* TASK DIRECTIONS
Copy the entries below word for word, but omit any pictures they contain.

:::::

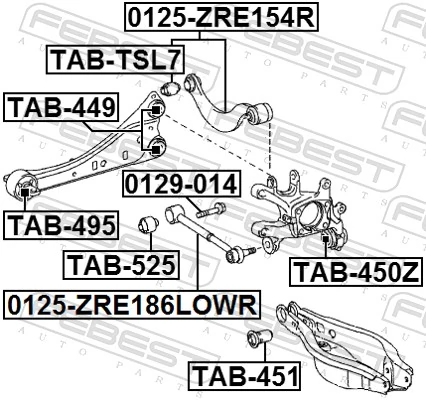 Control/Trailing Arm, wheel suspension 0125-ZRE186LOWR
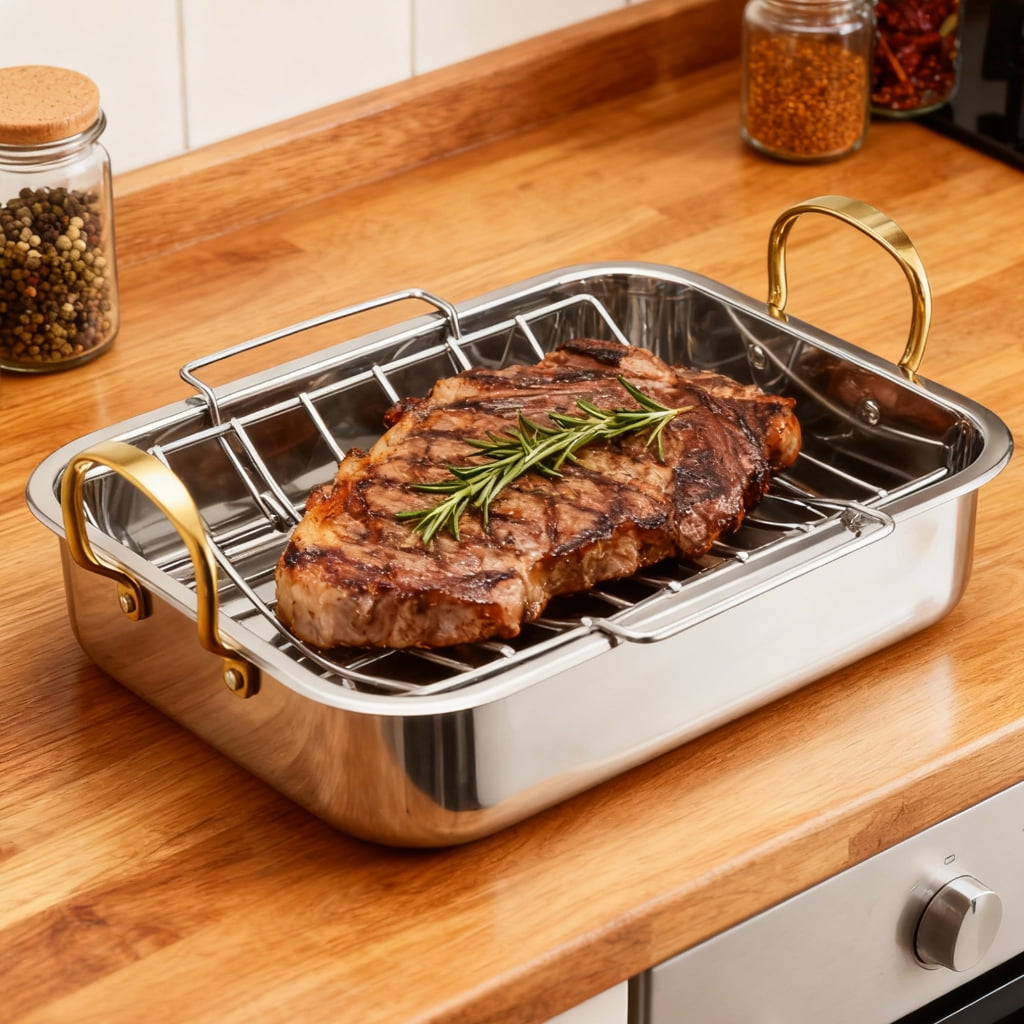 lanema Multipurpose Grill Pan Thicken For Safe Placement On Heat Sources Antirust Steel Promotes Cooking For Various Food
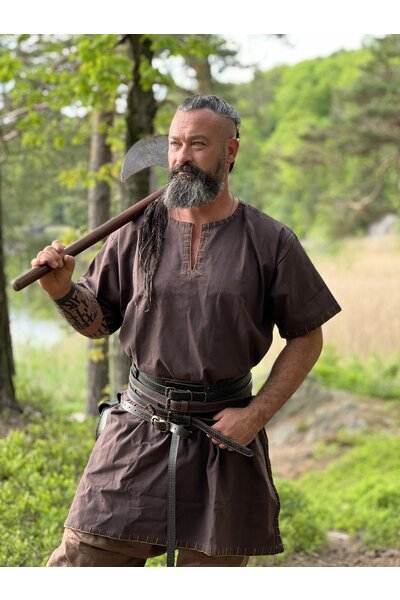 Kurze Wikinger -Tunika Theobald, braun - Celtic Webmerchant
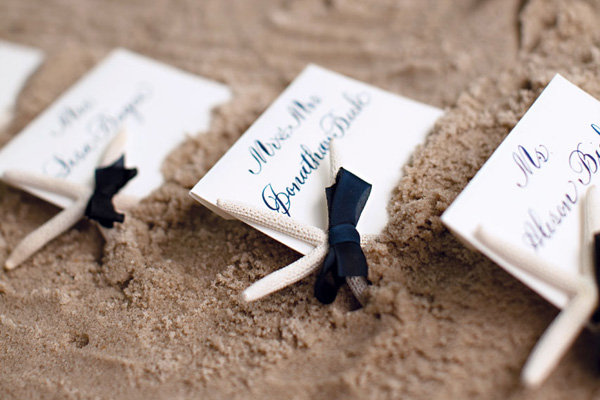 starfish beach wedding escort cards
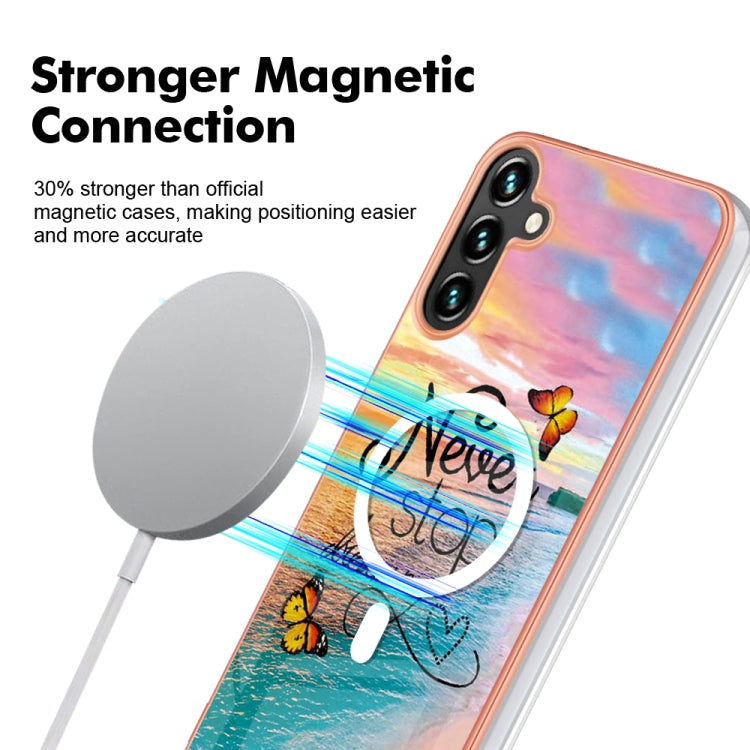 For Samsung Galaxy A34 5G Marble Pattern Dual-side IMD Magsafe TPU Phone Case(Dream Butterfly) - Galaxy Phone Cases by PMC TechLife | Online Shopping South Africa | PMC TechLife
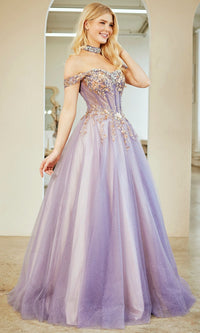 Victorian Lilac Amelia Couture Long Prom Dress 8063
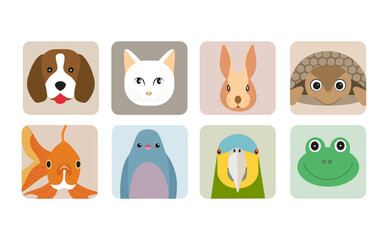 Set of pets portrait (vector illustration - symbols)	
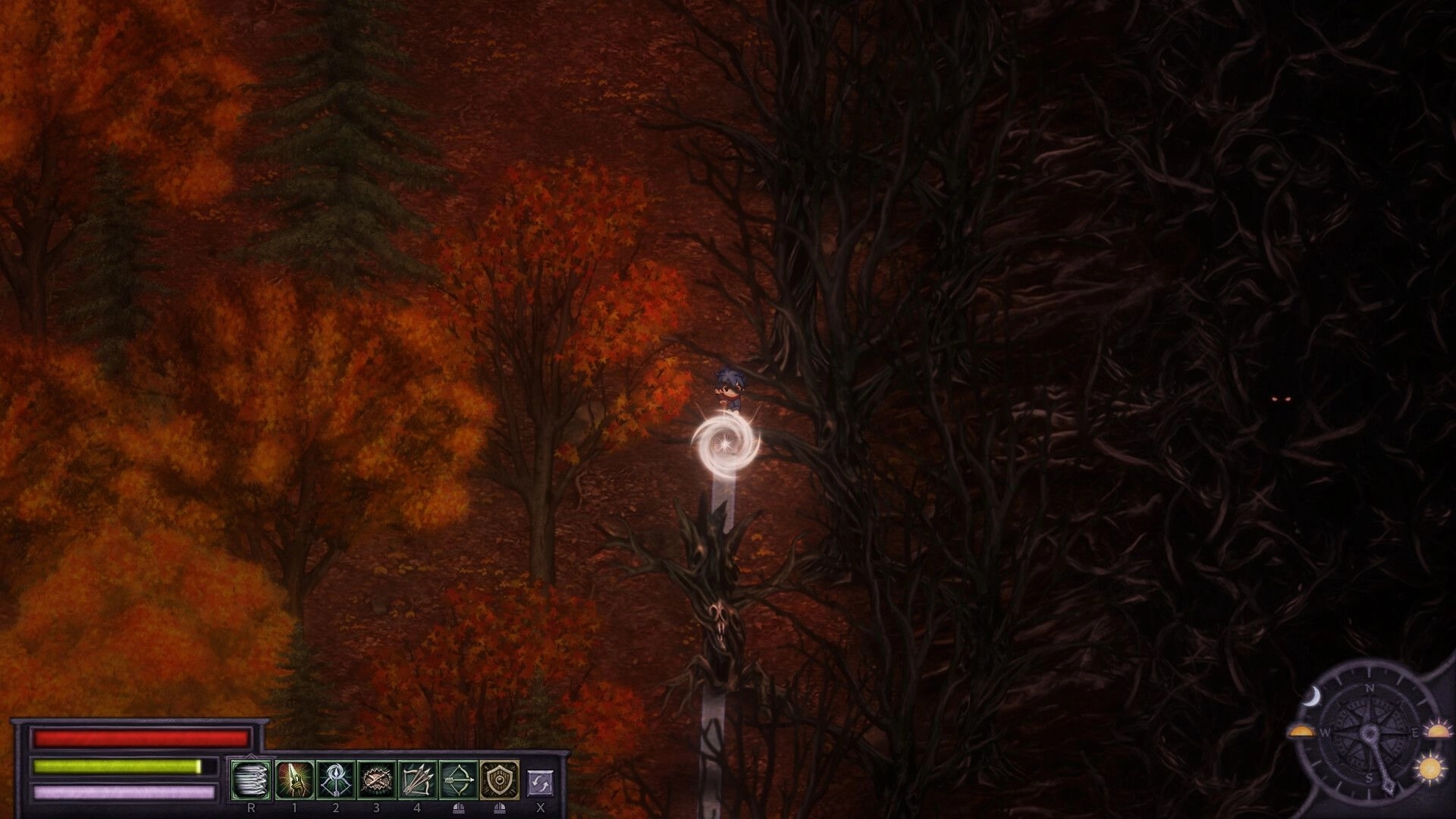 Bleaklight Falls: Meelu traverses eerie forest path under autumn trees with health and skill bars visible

:::::

* WRITTEN RESPONSE
 Control/Trailing Arm, wheel suspension 0125-ZRE186LOWR
 lanema Multipurpose Grill Pan Thicken For Safe Placement On Heat Sources Antirust Steel Promotes Cooking For Various Food
 Kurze Wikinger -Tunika Theobald, braun - Celtic Webmerchant
 starfish beach wedding escort cards
 For Samsung Galaxy A34 5G Marble Pattern Dual-side IMD Magsafe TPU Phone Case(Dream Butterfly) - Galaxy Phone Cases by PMC TechLife | Online Shopping South Africa | PMC TechLife
 Victorian Lilac Amelia Couture Long Prom Dress 8063
 Set of pets portrait (vector illustration - symbols)	
 Bleaklight Falls: Meelu traverses eerie forest path under autumn trees with health and skill bars visible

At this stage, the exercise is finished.